====== DATA PROVIDED ======
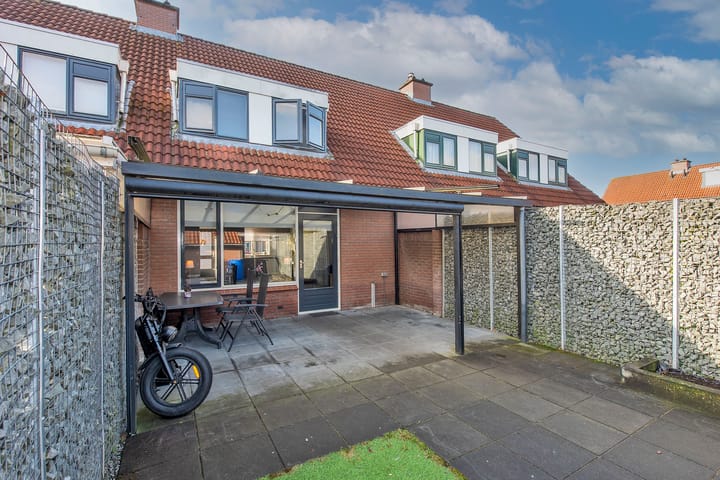 Photo 26 of Noordelijke Esweg 145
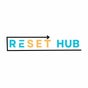 Reset Hub | Masaj and Terapii Spate | Crangasi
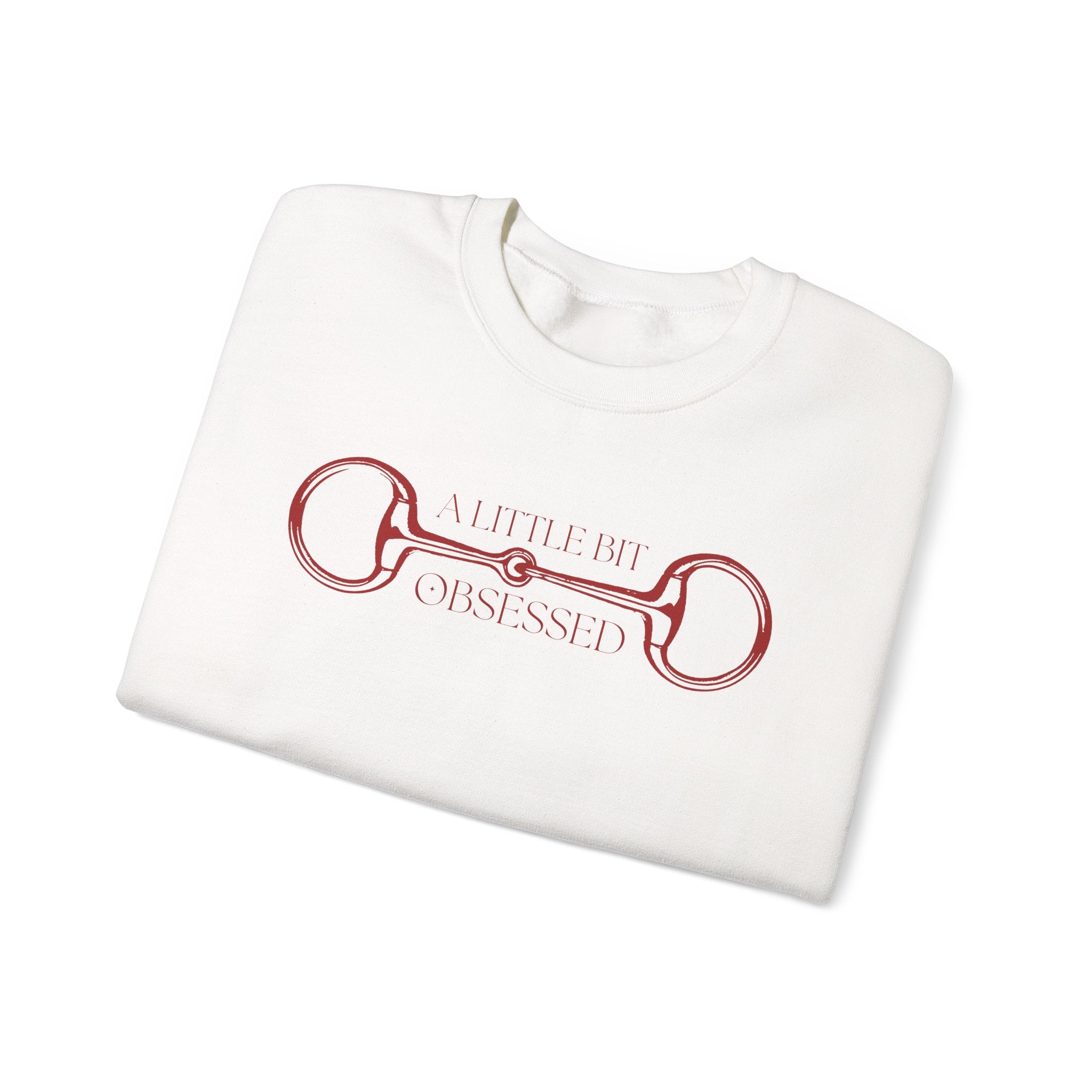 Copy of Lone Ranger - Sweatshirt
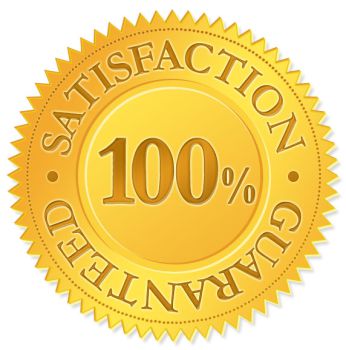 VẬN CHUYỂN, BẢO HÀNH, ĐỔI TRẢ HÀNG...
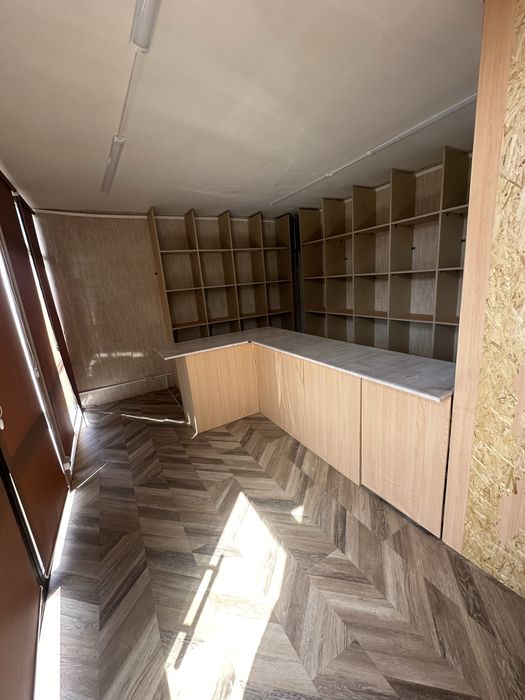 Продам торговый павильон переносной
======
ASSIGNMENT
Leave the images behind and write out every entry exactly.

OUTPUT BELOW
 Photo 26 of Noordelijke Esweg 145
 Reset Hub | Masaj and Terapii Spate | Crangasi
 Copy of Lone Ranger - Sweatshirt
 VẬN CHUYỂN, BẢO HÀNH, ĐỔI TRẢ HÀNG...
 Продам торговый павильон переносной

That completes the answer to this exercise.